→ **Work order**
Although the records contain pictures, none belong in the copy: restate word for word only the lines from the one with "Boucles d'Oreilles Abalone" through the one with "1989 Black &", both included.

→ **Given data**
· · ·
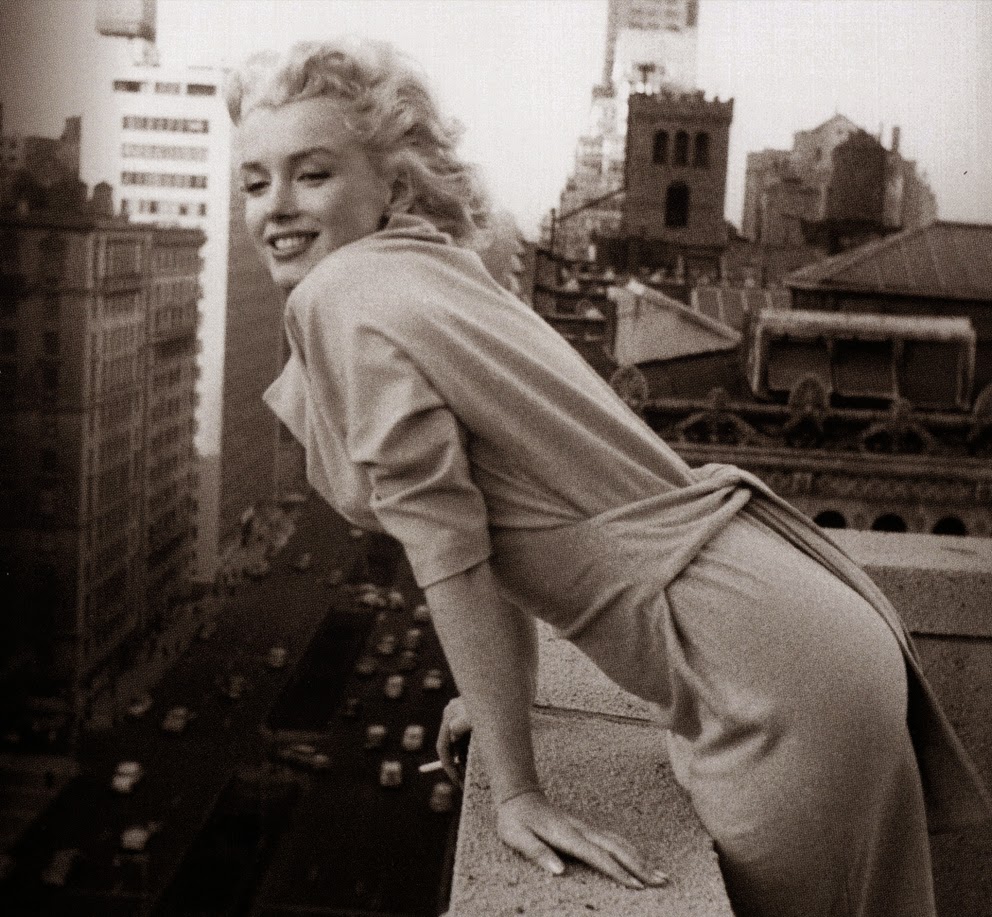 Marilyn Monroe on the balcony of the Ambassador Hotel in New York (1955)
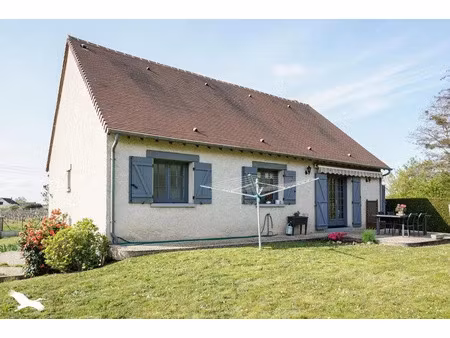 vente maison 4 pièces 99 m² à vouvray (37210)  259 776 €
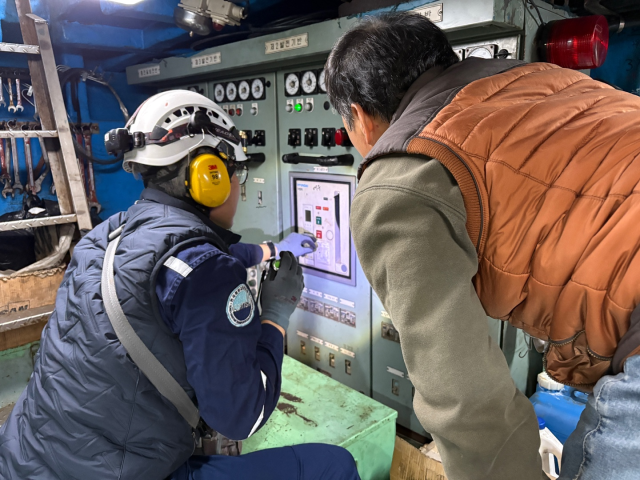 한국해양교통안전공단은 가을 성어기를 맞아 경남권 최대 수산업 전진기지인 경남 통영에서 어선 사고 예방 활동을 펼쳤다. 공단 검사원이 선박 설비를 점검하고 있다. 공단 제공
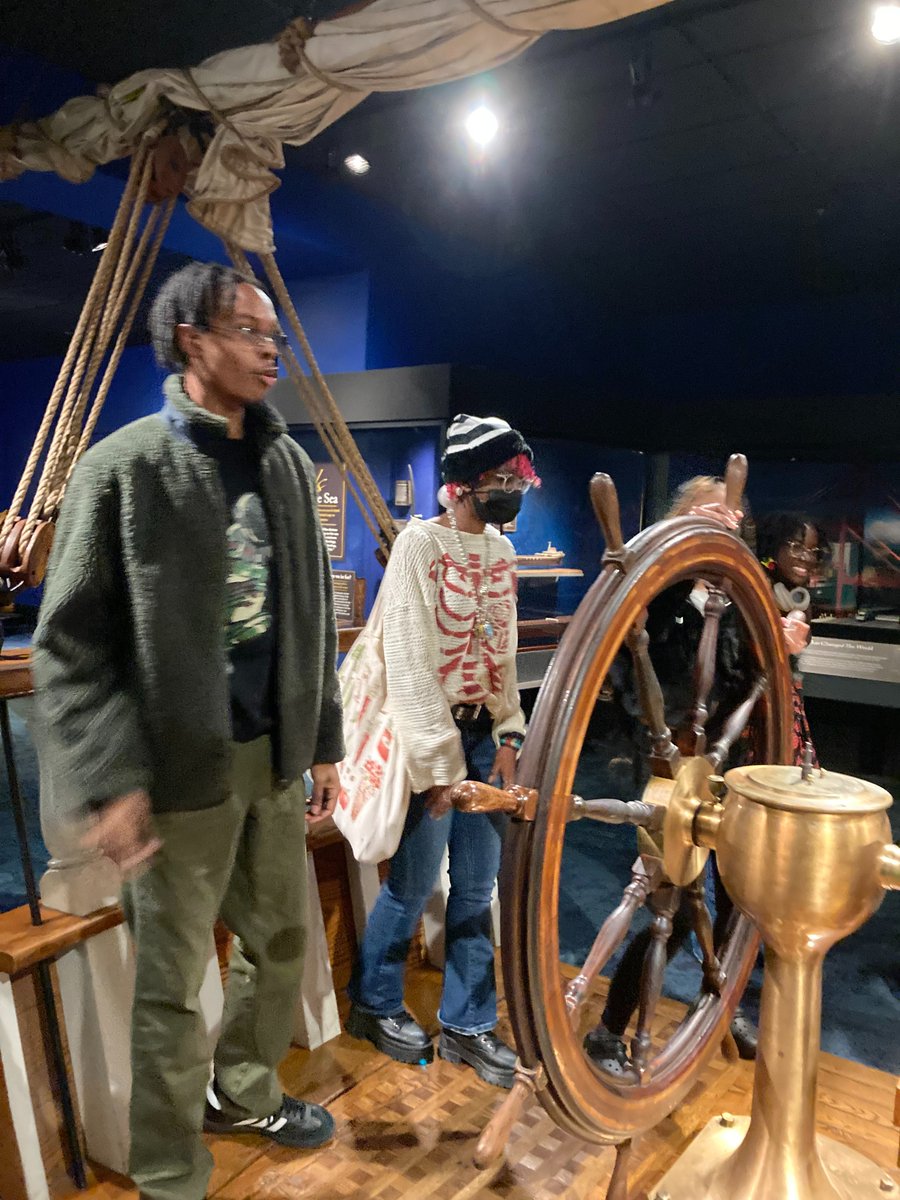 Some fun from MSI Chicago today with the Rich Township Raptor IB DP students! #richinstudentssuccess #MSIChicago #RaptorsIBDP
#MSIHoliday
· · ·
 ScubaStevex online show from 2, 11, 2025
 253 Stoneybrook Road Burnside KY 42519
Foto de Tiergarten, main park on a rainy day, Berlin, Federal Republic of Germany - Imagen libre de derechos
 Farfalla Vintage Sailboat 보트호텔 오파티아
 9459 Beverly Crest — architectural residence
· · ·
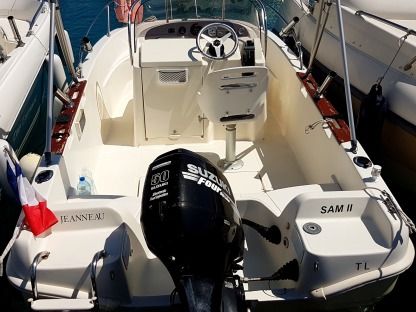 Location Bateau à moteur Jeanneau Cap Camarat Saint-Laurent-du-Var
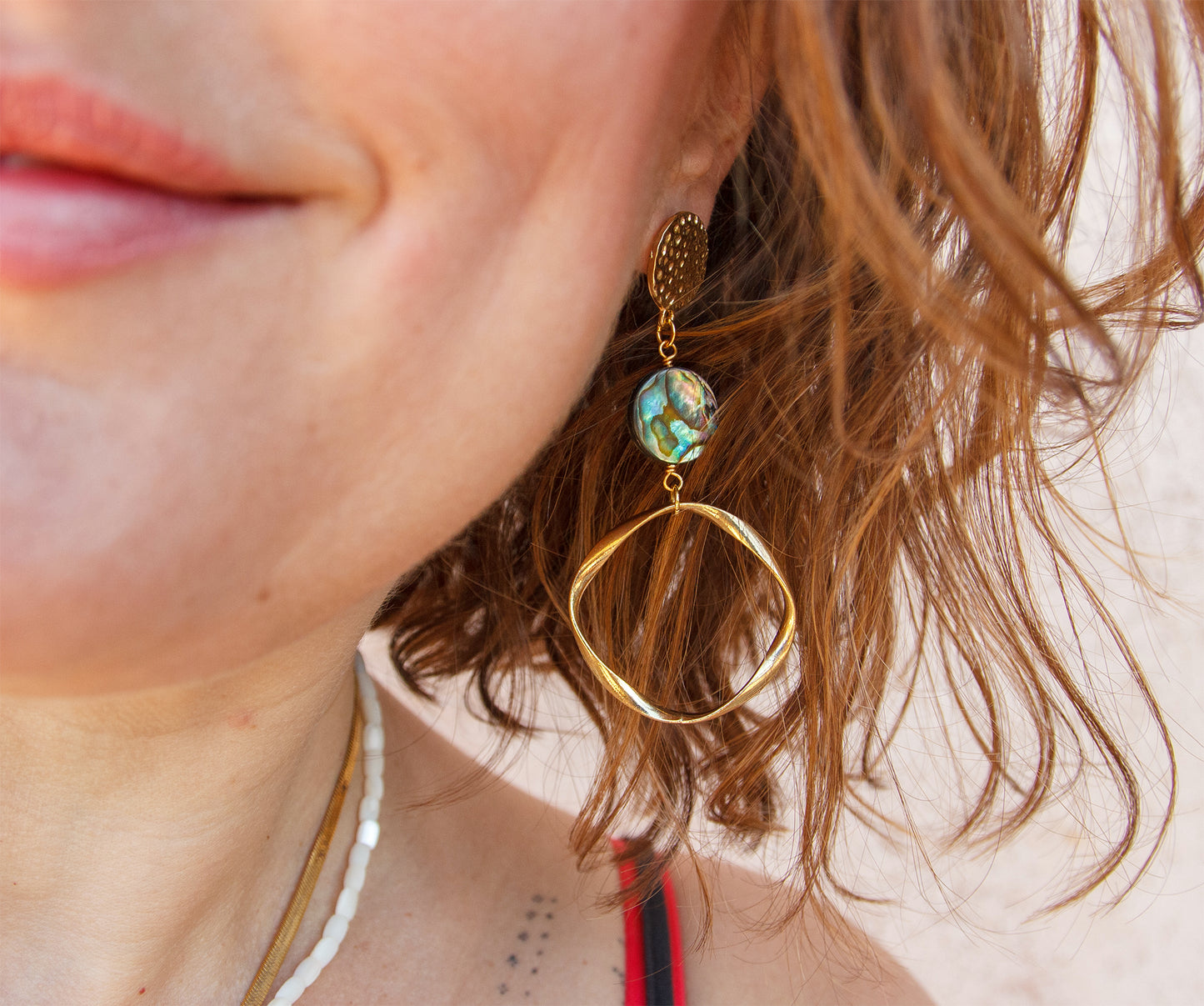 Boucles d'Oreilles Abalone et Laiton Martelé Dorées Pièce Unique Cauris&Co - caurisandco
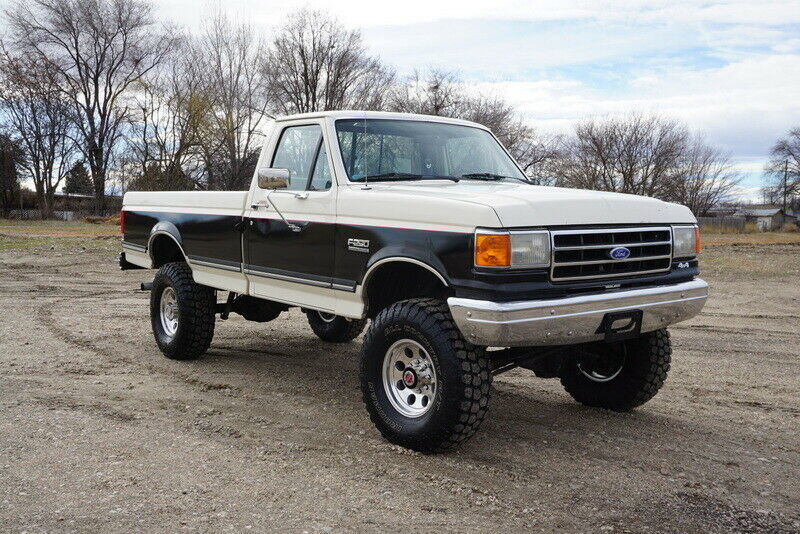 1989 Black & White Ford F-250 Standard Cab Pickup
· · ·
→ **Solution**
 Boucles d'Oreilles Abalone et Laiton Martelé Dorées Pièce Unique Cauris&Co - caurisandco
 1989 Black & White Ford F-250 Standard Cab Pickup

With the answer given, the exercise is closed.